Skip site navigation (1)Skip section navigation (2)
Date:      Fri, 22 May 1998 19:43:11 +0000 (GMT)
From:      Terry Lambert <tlambert@primenet.com>
To:        jas@flyingfox.com (Jim Shankland)
Cc:        mark@vmunix.com, tlambert@primenet.com, hackers@FreeBSD.ORG, isp@FreeBSD.ORG
Subject:   Re: TIME_WAIT/FIN_WAIT_2...
Message-ID:  <199805221943.MAA00619@usr02.primenet.com>
In-Reply-To: <199805221643.JAA01914@biggusdiskus.flyingfox.com> from "Jim Shankland" at May 22, 98 09:43:04 am

next in thread | previous in thread | raw e-mail | index | archive | help
> [mark@vmunix.com (Mark Mayo) asks about large numbers of TCP connections
> in TIME_WAIT and FIN_WAIT_2 states on a busy Web server.
> Terry Lambert <tlambert@primenet.com> responds:
> 
> > This is a client bug, specifically with Windows WinSock clients, which
> > do not call "shutdown(2)" in the following way:
> > 
> > 	shutdown( s, 1);
> > 
> > The '1' should be a '2', but many WinSock implementations fail to work
> > correctly if it isn't a '1'.
> > 
> > [...]
> > 
> > The fix is to be bug-compatible with Windows NT as a server, and to,
> > when you are in FIN_WAIT_2 state, back up to resend the FIN.
> > 
> > The problem is the lack of an ACK needed for a state transition in
> > the Windows TCP/IP implemenetation.
> 
> Terry, I think you have your TCP states mixed up.  First, none of this
> applies to the TIME_WAIT connections.


I think it's you that are mixed up... see the Apache FAQ on FIN_WAIT_2,
and contact Paul Vixie, as I've suggested.

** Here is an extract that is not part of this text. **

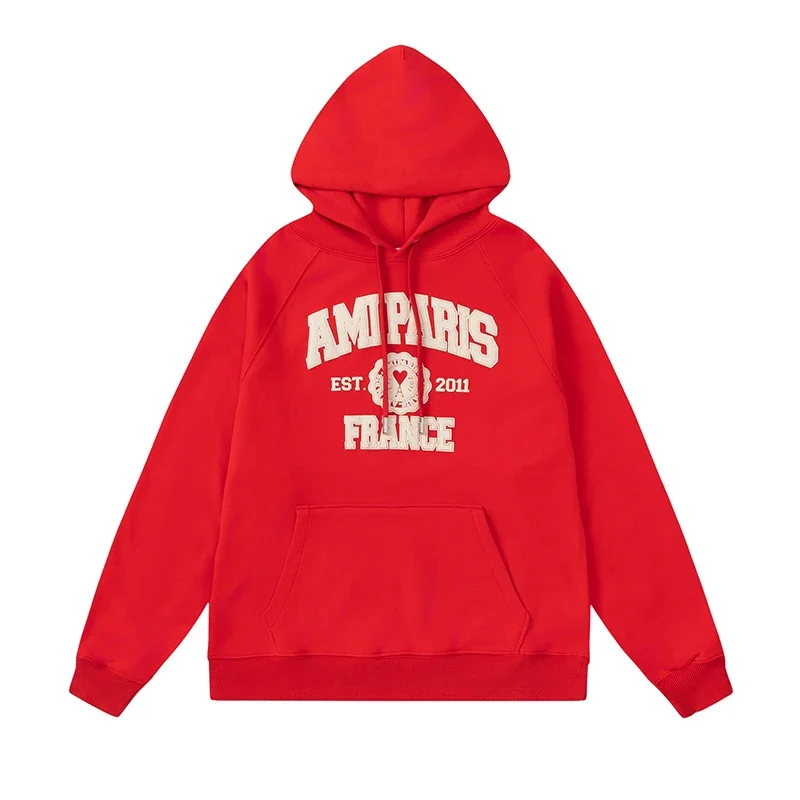 Letter love foam printed hooded sweatshirt for men and women round neck pullover sweatshirt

> As for the FIN_WAIT_2 connections: FIN_WAIT_2 means, "I'm done sending,
> I've sent a FIN, the other side has ACKed my FIN, but the other side
> has not sent *me* a FIN to indicate that it is done sending."  One
> would then expect the peer to be in CLOSE_WAIT state.  This is a
> perfectly legal state that can persist indefinitely, with the
> CLOSE_WAIT end sending unbounded amounts of data to the FIN_WAIT_2
> end for consumption.
> 
> Why on earth would you "back up to resend [a] FIN" that has already
> been ACKed?

Because the peer is *NOT* in CLOSE_WAIT state, because the peer is
a Windows box, and the socket descriptor was abandoned with the
peer in CLOSE_WAIT, without a resource-track cleanup of the connection.

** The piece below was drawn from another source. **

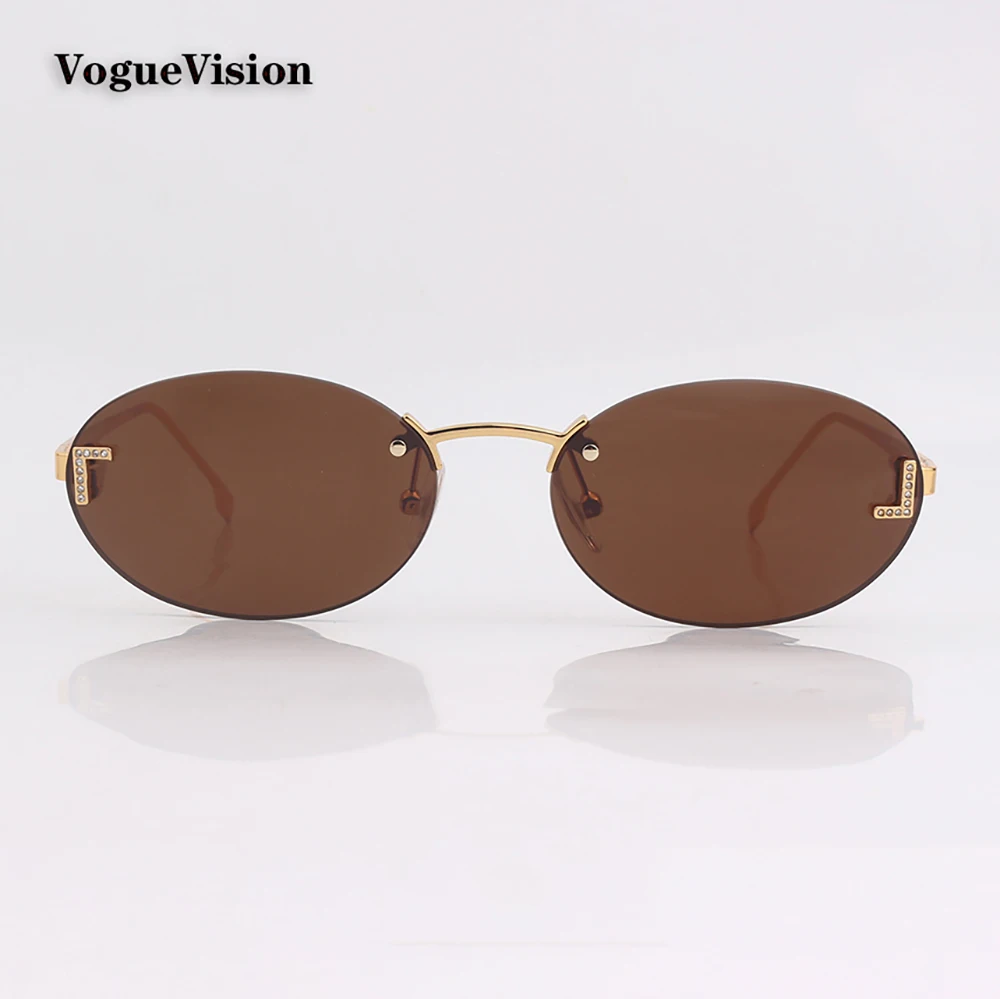 Gold Oval Rimless Sunglasses For Men And Women Uv Protective_voghion.com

Here is the relevent state diagram from RFC793:

      TCP A                                                TCP B

  1.  ESTABLISHED                                          ESTABLISHED

  2.  (Close)
      FIN-WAIT-1  --> <SEQ=100><ACK=300><CTL=FIN,ACK>  --> CLOSE-WAIT

  3.  FIN-WAIT-2  <-- <SEQ=300><ACK=101><CTL=ACK>      <-- CLOSE-WAIT

  4.                                                       (Close)
      TIME-WAIT   <-- <SEQ=300><ACK=101><CTL=FIN,ACK>  <-- LAST-ACK

  5.  TIME-WAIT   --> <SEQ=101><ACK=301><CTL=ACK>      --> CLOSED

  6.  (2 MSL)
      CLOSED

Here is what the Windows machine does, when you are not running
WinSock 2.0, and you have not called "shutdown()" on the socket,
as documented in:

	Windows Sockets Network Programming
	Bob Quinn, Dave Shute
	Addison-Wesley _Advanced Windows Series_
	ISBN: 0-201-63372-8

      TCP A                                                TCP B

  1.  ESTABLISHED                                          ESTABLISHED

  2.  (Close)
      FIN-WAIT-1  --> <SEQ=100><ACK=300><CTL=FIN,ACK>  --> CLOSE-WAIT

  3.  FIN-WAIT-2  <-- <SEQ=300><ACK=101><CTL=ACK>      <-- CLOSE-WAIT

  4.                                                       (Exit)
      FIN-WAIT-2
  5.
      FIN-WAIT-2
  6.
      FIN-WAIT-2

      ...

In other words, the socket is torn down without a LAST-ACK.

The "workaround" that you should use to deal with this is to:

A)	wait 2 MSL for the LAST-ACK.

B)	reset to FIN-WAIT-1; send the packet.

C)	if you get CLOSE-WAIT, then goto (A).

D)	if you get no response in 2 MSL, or RST, then act as if
	you had recieved the CLOSE-WAIT, transitioned to FIN-WAIT-2,
	and subsequently recieved the LAST-ACK.

E)	(potential "enhancement")  If you get no response, rather
	than treating it as an RST, goto (A), but maintain the
	FIN_WAIT_2_TIMEOUT kludge currently in place.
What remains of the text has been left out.